(DATA PROVIDED)

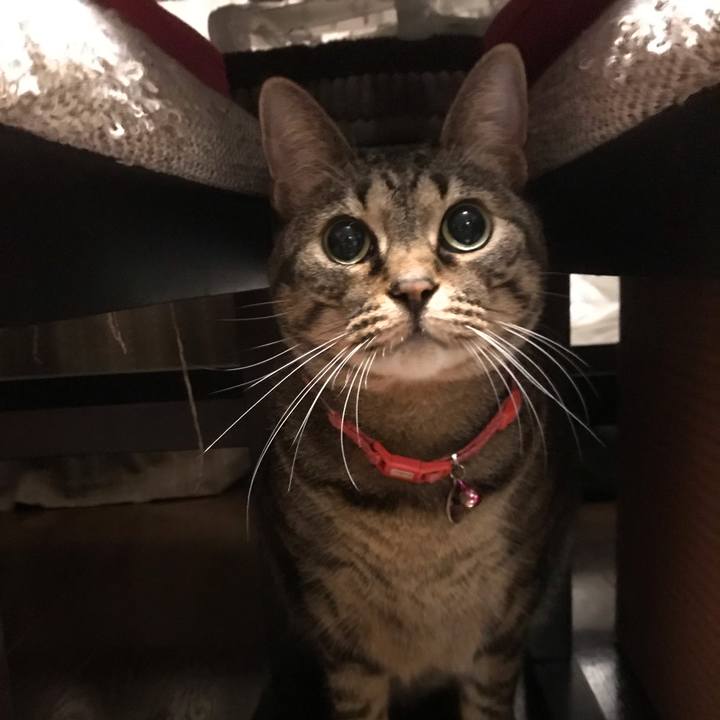 Cbdaa46a 8a41 464d b1d1 4e9961460109 1546013293960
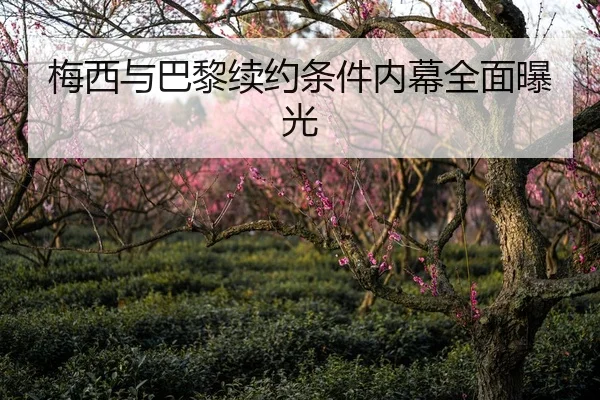 梅西与巴黎续约条件内幕全面曝光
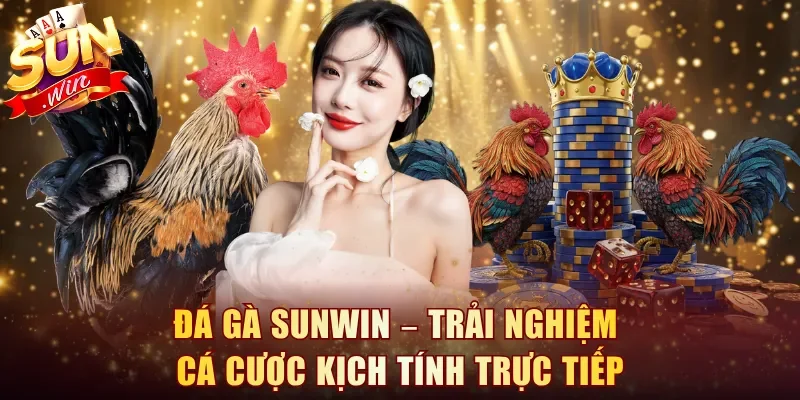 Đá Gà Sunwin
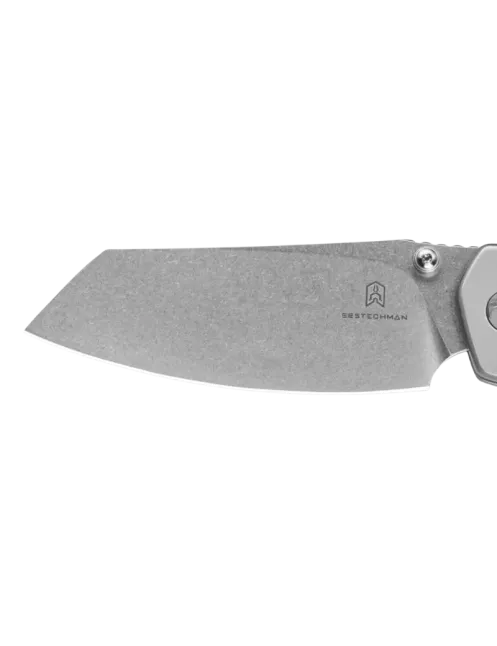 Bestechman Cicada’s Wing BMK06-S-7 – Couteau pliant 10Cr15MoV inox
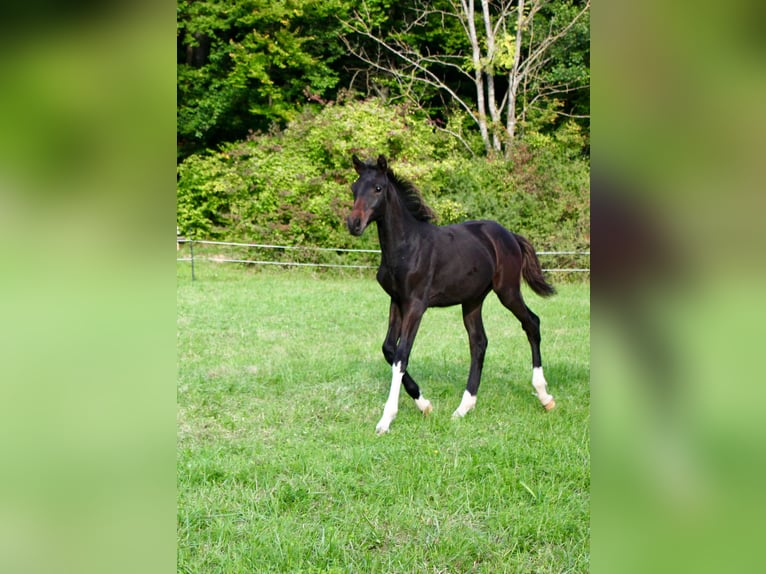 German Riding Horse Stallion 1 year Smoky-Black in Meinhard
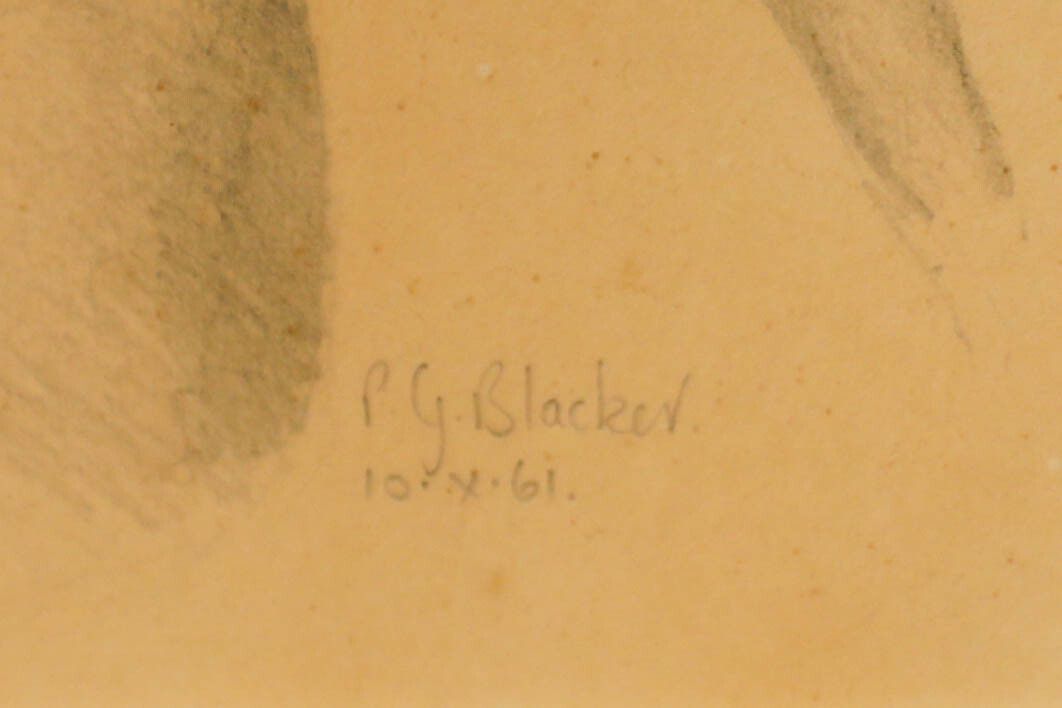 P. G. Blacker 1961 Graphite Drawing, Half Length Study Of The Female Body photo vinterior
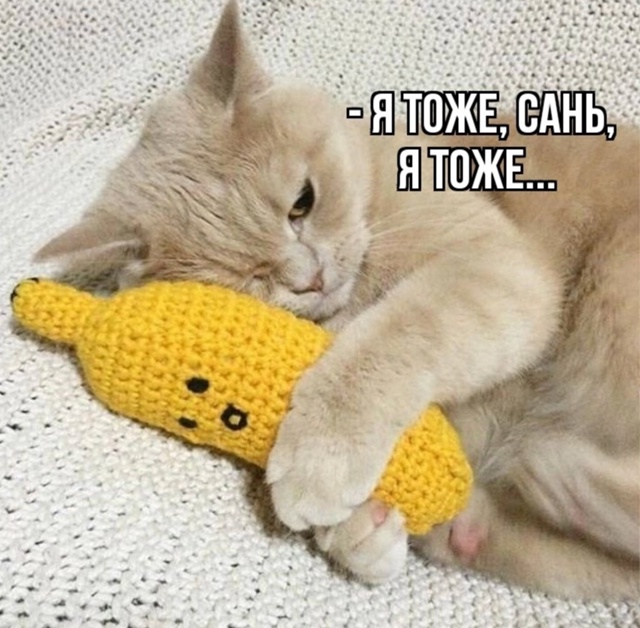 Как же я их понимаю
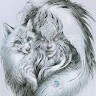 Nicole Dross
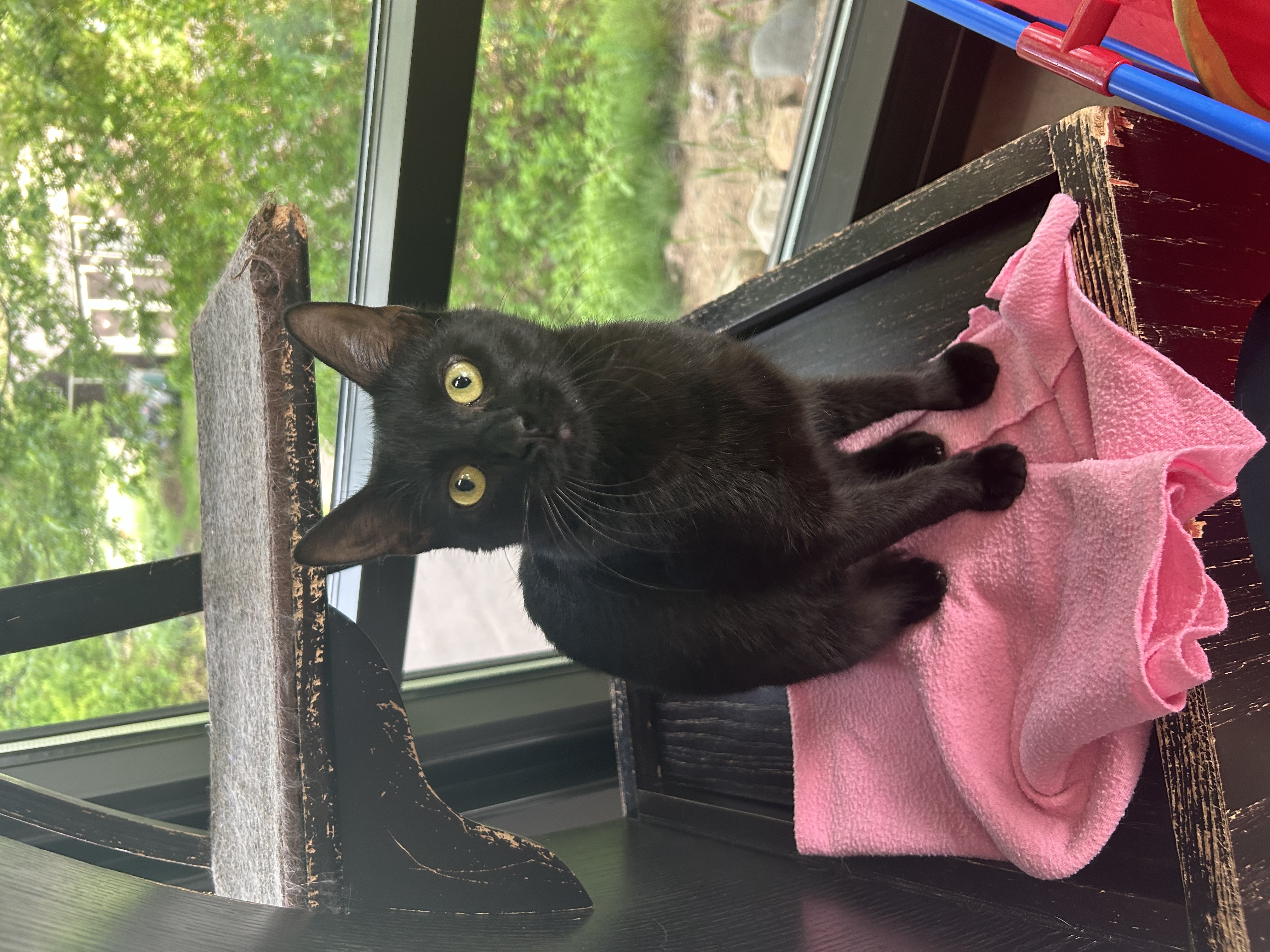 Enlarge Echo, a Adoptable mixed breed in Battle Creek, MI image 4/6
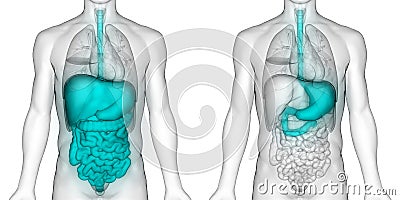 Human Body Organs Digestive system Stomach Anatomy Stock Photo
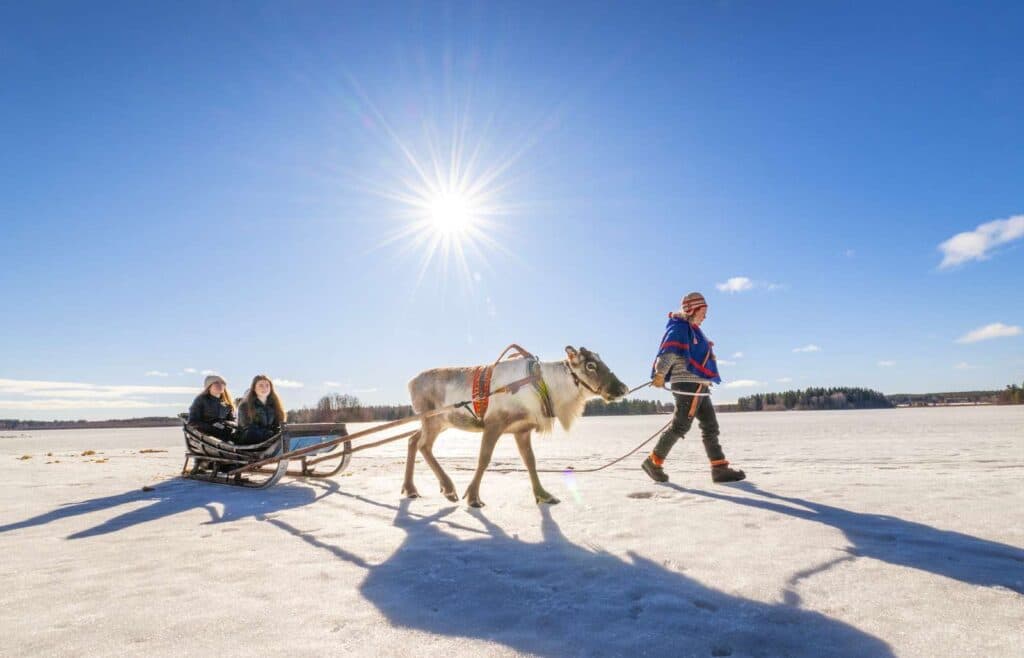 Två personer som åker släde efter en ren ute på isen vid arcus - luleå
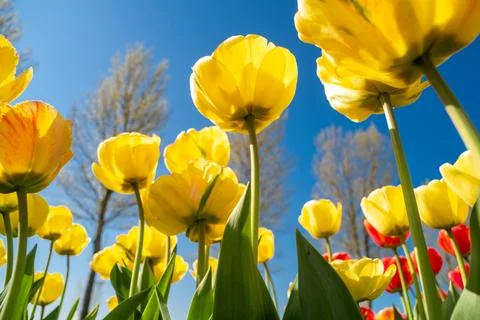 Blooming tulip fields Stock Photos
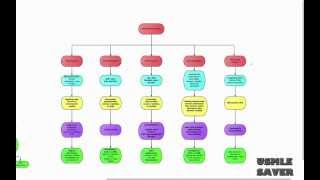 Valvular heart disease flowchart USMLE Step 2 CK [upl. by Ennovi876]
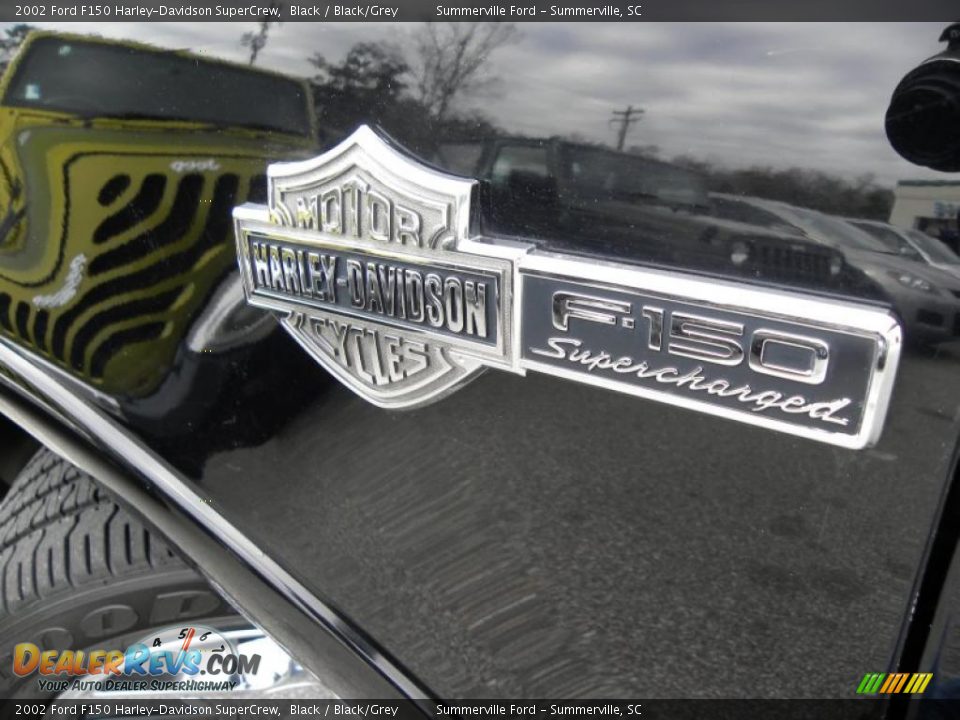 2002 Ford F150 Harley-Davidson SuperCrew Logo Photo #3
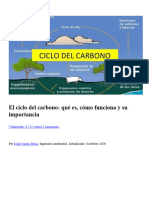 Ciclo Del Carbono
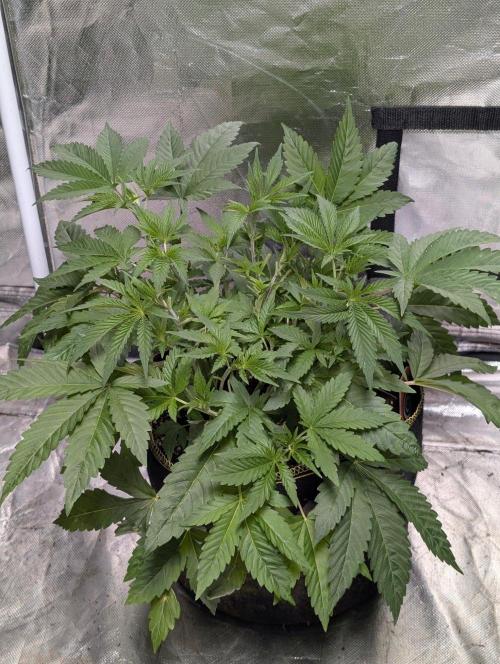 Zinnapple x5. Week 5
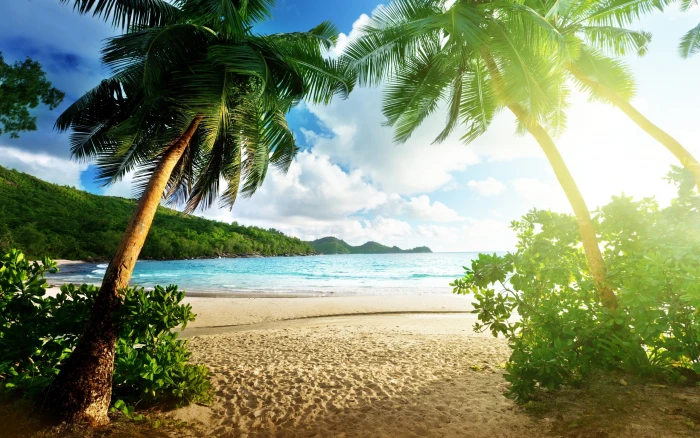 Beach landscape island sea palm trees sky clouds 2k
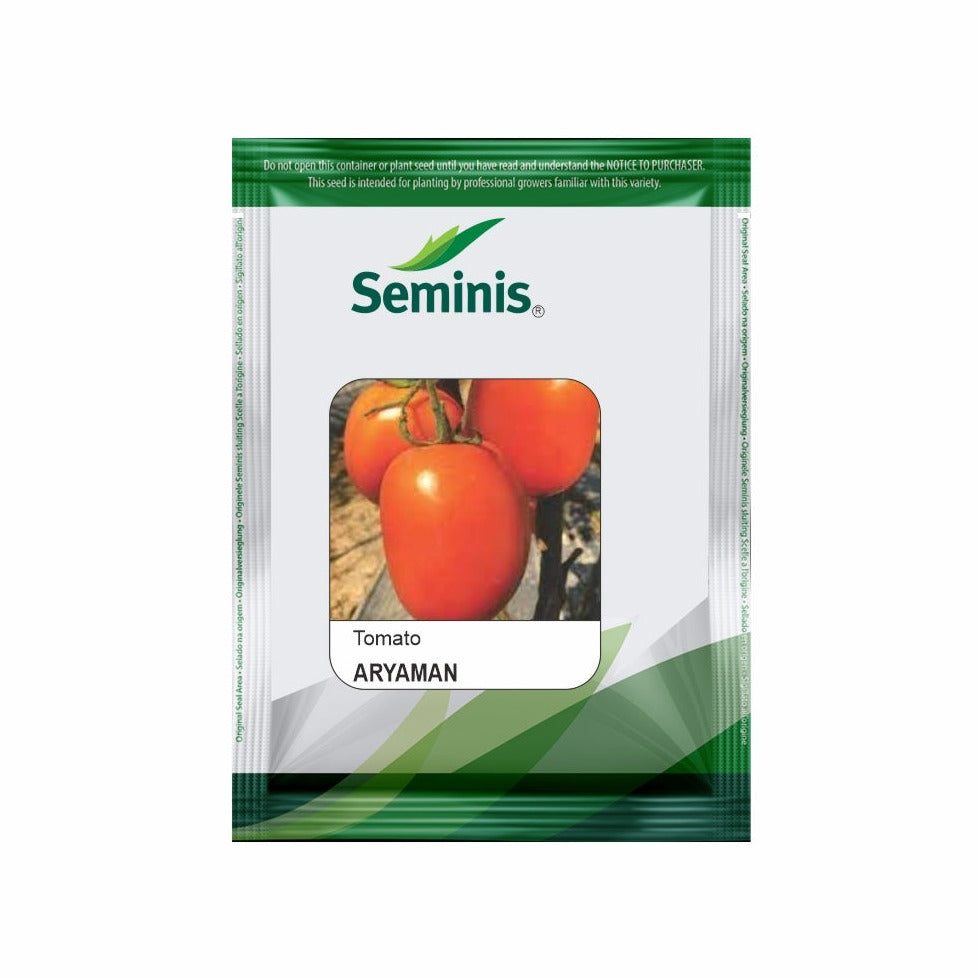 Aryaman Tomato Seeds - Seminis | F1 Hybrid | Buy Online at Best Price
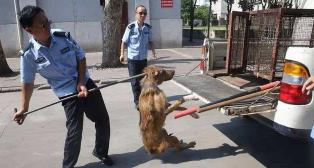 比特犬价格多少钱一只（世界上攻击性最强的狗狗有哪些）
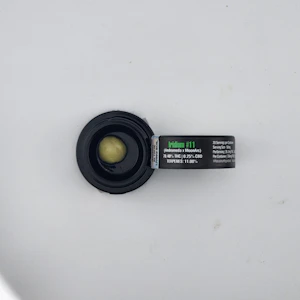 FOCUS NORTH - Focus North | Dab Rosin 1g [H] | Iridium #11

(End DATA PROVIDED)

Without any pictures, reproduce the lines from the first one in the material through the line that has "P. G. Blacker", exactly as they appear.

 Cbdaa46a 8a41 464d b1d1 4e9961460109 1546013293960
 梅西与巴黎续约条件内幕全面曝光
 Đá Gà Sunwin
 Bestechman Cicada’s Wing BMK06-S-7 – Couteau pliant 10Cr15MoV inox
 German Riding Horse Stallion 1 year Smoky-Black in Meinhard
 P. G. Blacker 1961 Graphite Drawing, Half Length Study Of The Female Body photo vinterior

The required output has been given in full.